When we spoke of Quaderni Rossi, we said that its concept of the factory was so totalitarian as to absorb all other levels of politics. What we did not say was that there remained another aspect, or rather another object which came under analysis and also under working-class attack - namely the state as collective capitalist. Within this perspective a reassessment of the debate about fascism became imperative. By this point, research into the links and complicities between high finance and the ruling hierarchies - who paid whom and who was or was not compromised - in short, the identification of the members of that oligarchy - was no longer functional, in the sense that the purges had already been over for a good while (if they had ever begun). Instead what was needed was to go to the roots of fascism as a moment of the socialisation of the capitalist relations of production. Early research done in this area, both centred on quantitative assessments of development and on the critique of the ideology of corporatism, succeeded gradually in breaking down the old myth about the capitalist backwardness of fascism. They also broke down the image of fascism as both cause and perpetuator of stagnation. Italian society under fascism was seen to have had a far greater homogeneity with the overall fabric of the capitalist world market, and in particular with the more advanced industrialised countries. How was it possible to attempt a characterisation of the collective capitalist state without going right to the roots of its theories and its means of operation? This explains the interest shown in Keynes and Alfredo Rocco, Hjalmar Schacht and Roosevelt.

But there was another, perhaps more important, point, which had to do with the analysis of monopoly. 1961 had seen the publication in Italy of Hilferding's Finance Capital, which made it possible for peo-ple to examine the origins of the Comintern debate on the nature of monopoly. From Hilferding to Lenin and from Lenin to Dimitrov. Monopoly and fascism as the inseparable terms of an alliance of the most reactionary section of the bourgeoisie with the agrarian classes and the state bureaucracy. Thus the roots of stagnation were to be sought in the parasitic sector of the capitalist class - in Finanzkapital, that tight web of positions* of income, of commericla origin, of agrarian origin (nonetheless tied to the banks) which, together with the savings-inclined petty bourgeoisie, had formed a "law and order" bloc characterised by immobilism, which had blocked the process of the wider reproduction of labour-power. This provided an objective convergence of defensive interests among the "producer" sectors of society - ie "pure capital, workers amd employers, backed by groups of radicals and liberals - in other words, that section of the free-trade bourgeoisie that was being suffocated under monopoly.

While this schema might have worked when applied to Edison or SNIA (and thus seemed to correspond with the development of autarchy), it was already insufficient for those industrial sectors which had gone into crisis (naval, shipbuilding, steel) and over which the IRI had assumed control. And no more did it function for FIAT. Perhaps it is only today - now that the dollar crisis has forced us to re-examine the question of money in Marx (in our enthusiasm to examine money in Keynes we had forgotten to examine the function of money in Capital) - that we are able to return to the debate on credit and the crisis, on the necessary connection between "the availability of others' capital, and thus of other's labour" which is proper to the credit system, and the political function of the state in supporting single capitalists in crisis, restoring them to the social function which, as agents of capital, they fulfil in the extraction of overall surplus value.
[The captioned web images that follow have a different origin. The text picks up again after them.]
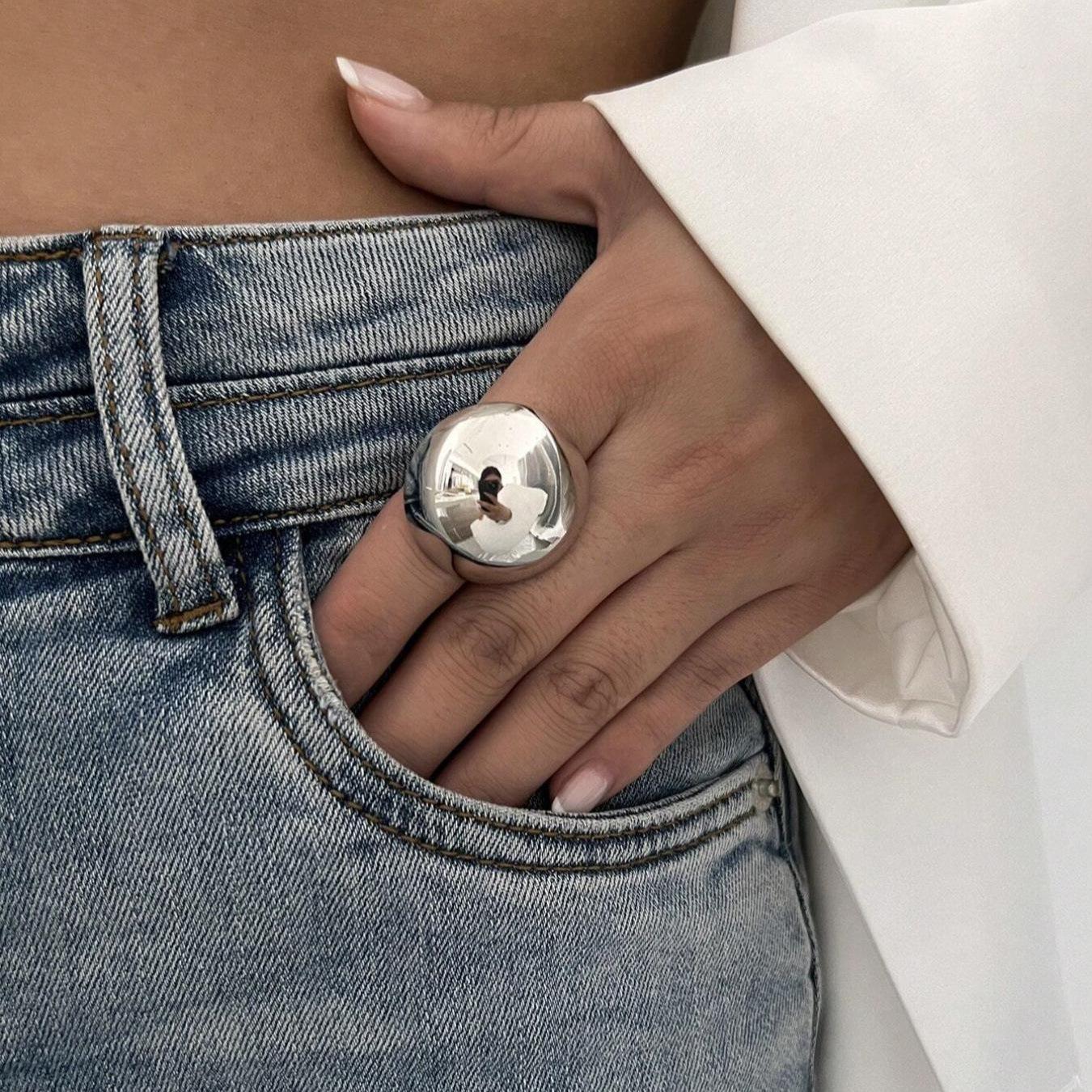 Punk Large Smooth Chunky Dome Ring for Women Men Half Round Metal Geometric Ball Shape Finger Rings Exaggerate Statement Zircon
Punk Large Smooth Chunky Dome Ring for Women Men Half Round Metal Geometric Ball Shape Finger Rings Exaggerate Statement Zircon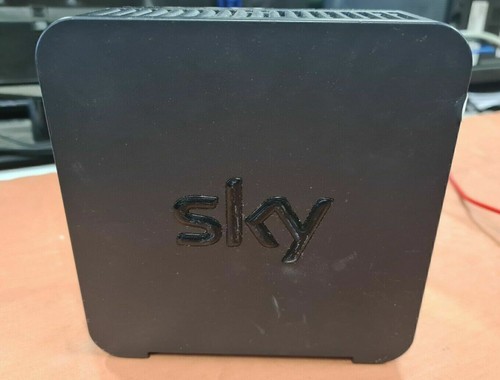 Sky Hub SR102 Wireless Modem Router lmp5 - 第 1/1 張圖片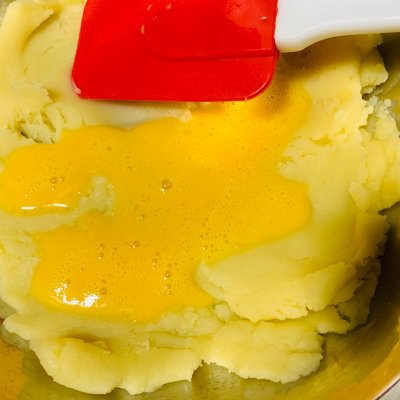 抹茶泡芙怎么做？簡單又不會塌，一口爆漿的酥皮大泡芙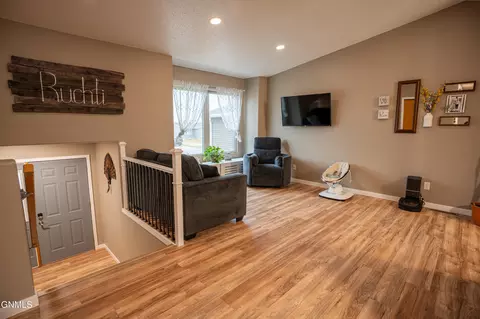 Other - 914 N 35th St, Bismarck, ND 58501 photo 2 of 16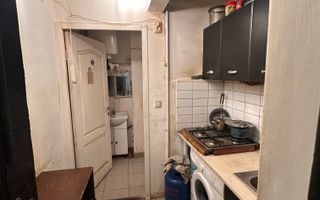 Apartament 2 camere - baie si bucatarie separate, singur pe etaj. - Poză 4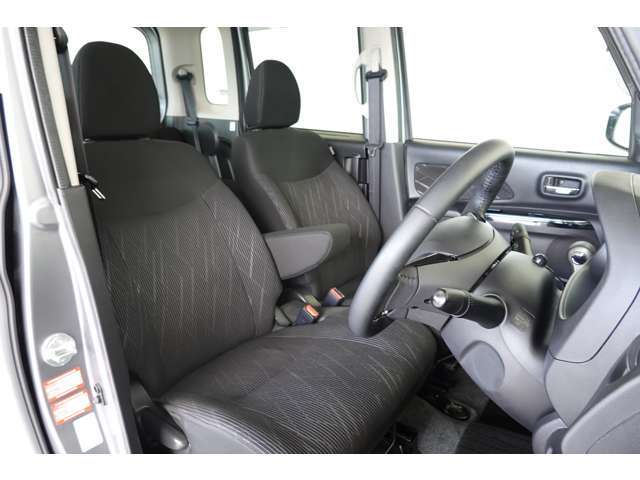 フロントシートはアームレスト付きベンチシートです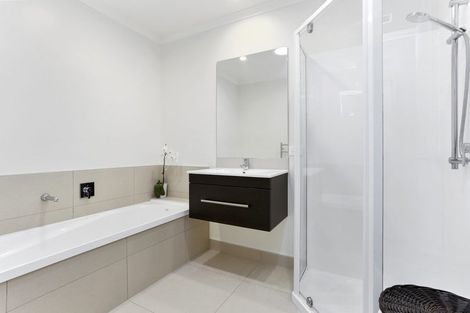 Photo of property in 44b Gilbransen Road, Kumeu, 0810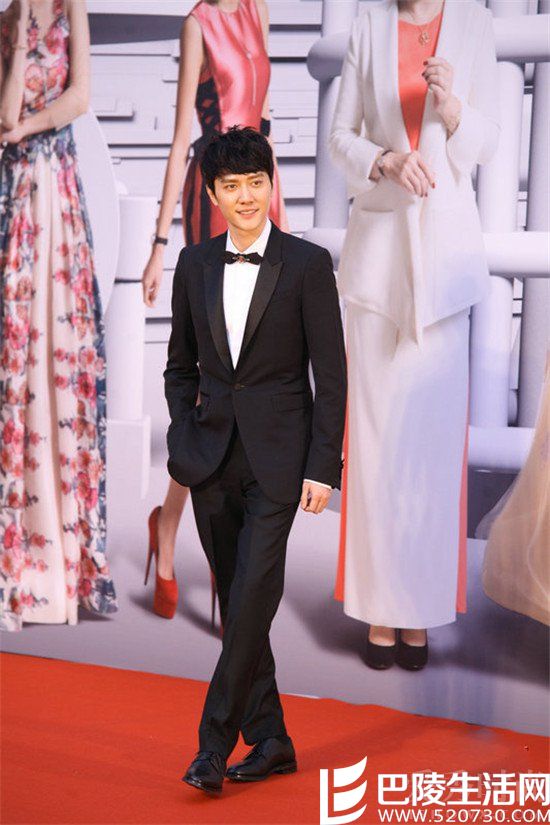 冯绍峰父母是富豪 冯绍峰父母是富豪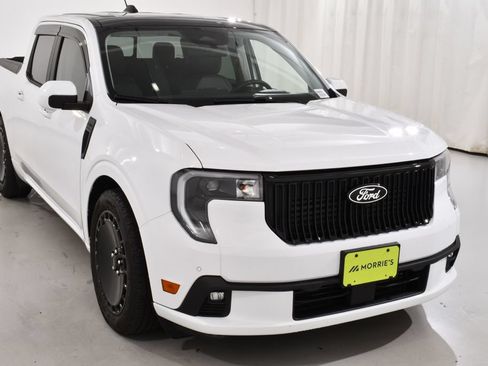 Used 2025 Ford Maverick Lobo AWD/4WD image 4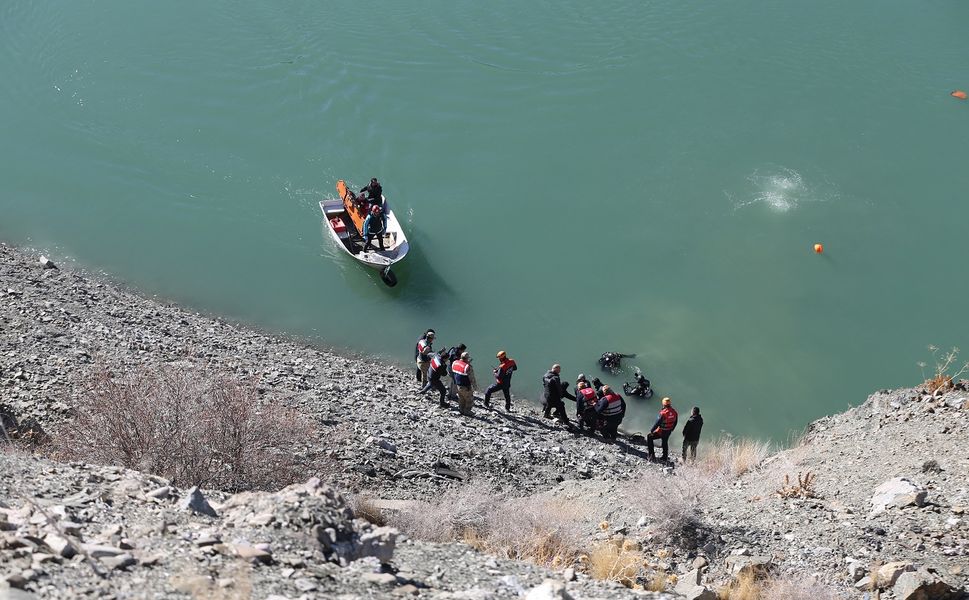 Van’da otomobil baraj gölüne uçtu: 2 ölü, 1 kişi aranıyor!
The role of IRI thus comes to be seen no longer as an emergency subsidy in a situation of upheaval due to international crisis; and thus the "privatisation" of IRI was no longer a betrayal of its original aims and a backward step in relation to capital's project of socialisation; rather, IRI becomes a branch of the state which re-invests the individual capitalist with the function of command that - for a multiplicity of reasons - he has lost. In exchange for nothing, when all is said and done; in exchange for a rate of interest! Within all this the aspect of concentration becomes secondary. It is no longer the most politically relevant aspect, but a secondary technical phenomenon of restructuration. Nor, by the same token, should a similar relationship between state credit and industry be considered as anomalous or deviant in relation to the normal functioning of capital: rather, it is precisely that relationship which Marx describes in the chapters on credit in Book Three of Capital.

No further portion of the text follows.